May 07, 2021 / by Trustworthy AI team

Keeping score: Evaluating safety metrics for autonomous vehicles

We perform a case study on metric evaluation using the CARLA simulator, a pre-release version of the Autoware autonomous driving stack, and the Responsibility Sensitive Safety (RSS) framework. Using the TrustworthySearch API, we create a diverse dataset of simulations which includes crashes. We then use this dataset to evaluate how four different configurations of RSS parameters affect the performance of RSS.


Disengaging from disengagements

One of the world’s first automobile accidents occurred in 1891 when a car crashed into a hitching post used for “parking” horses [Scott, 1960]. Since then, manufacturers, insurers, and regulators have made increasingly sophisticated tools to identify risky drivers and activate safety systems which prevent accidents [Wishart et al, 2020]. Just like in the 1890’s, today’s mobility landscape is rapidly changing – this time because of the development of autonomous vehicles (AVs). Like the hitching post in the world’s first car crash, remnants of old transportation modes —human-operated vehicles— represent obstacles to achieving the dream of fully autonomous driving.

Around the same time cars hit the road 100 years ago, professional baseball became America’s pastime, and fans began quantifying the performance of players through statistics like batting average [Albert, 2010]. Eventually, baseball metrics evolved into more sophisticated quanities like wins-above-replacement, broadly coined “Sabermetrics,” [Hakes and Sauer, 2006]. What do baseball statistics have to do with AVs?
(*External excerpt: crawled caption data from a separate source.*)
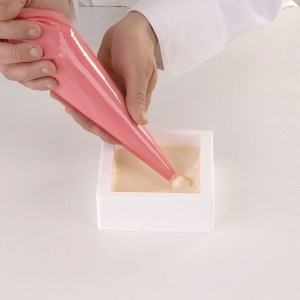 Silicone cake mould 16 x 16 x H 4 cm, vol. 1019 ml - Img 4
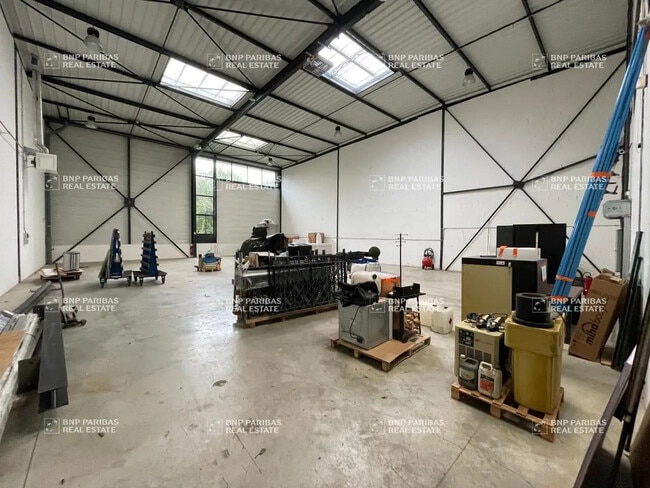 Plus de détails pour Local d’activités à vendre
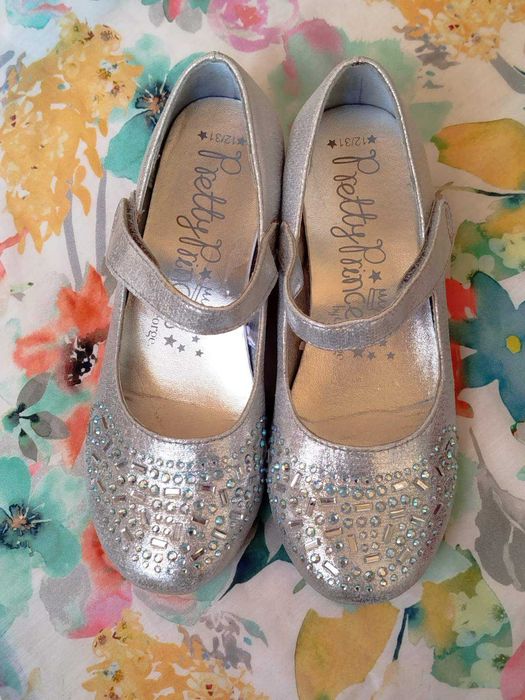 детские туфли для девочки на каблучке серебристые блестящие 12/31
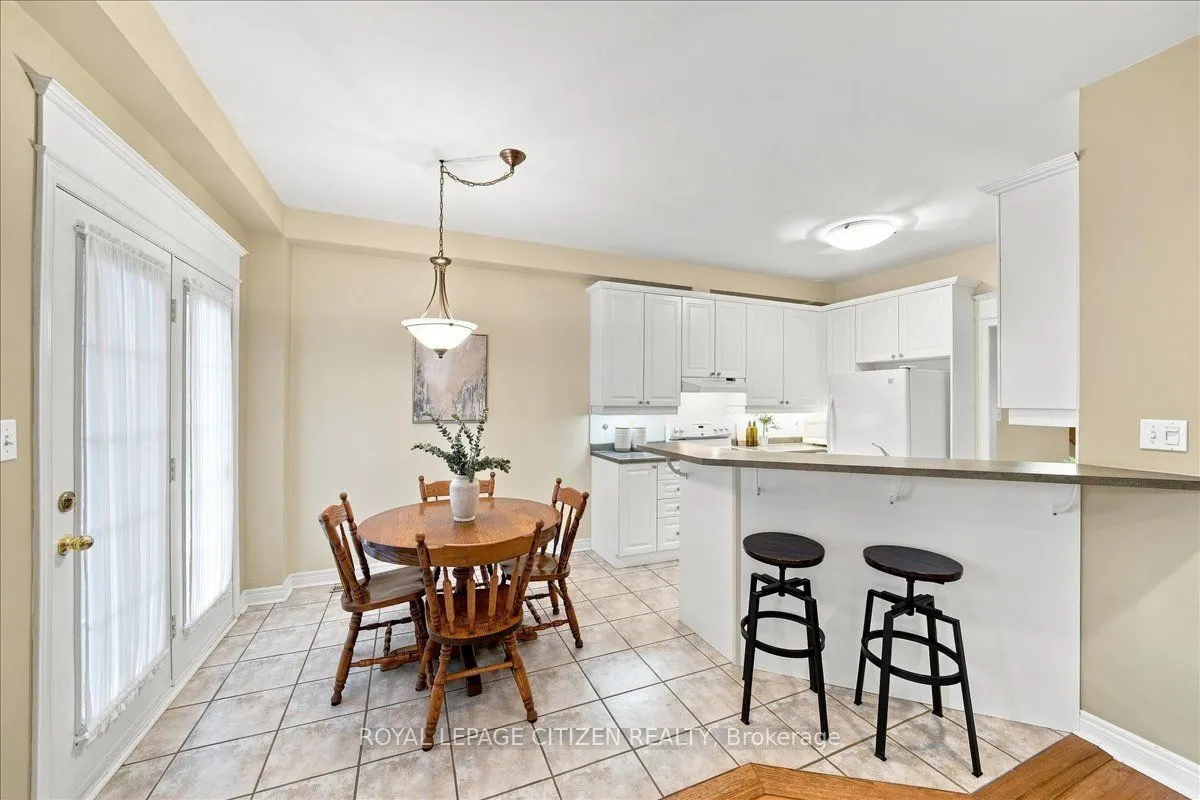 255 Shaftsbury Avenue #43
Like the early days of baseball, the statistics we currently collect about AVs are flawed indicators of performance, and the industry is still in the process of developing more sophisticated ones.

The most common publically available AV metrics are the California DMV disengagement reports. These include the “disengagement rate,” which ostensibly measures the frequency of safety driver interventions. Unfortunately, the definition of a disengagement varies from company to company, and disengagements are confounded by the variation of testing conditions which different manufacturers use. There is broad industry consensus that disengagement reports unfortunately provide little meaningful signal about the progress of AV technology [Hawkins, 2020].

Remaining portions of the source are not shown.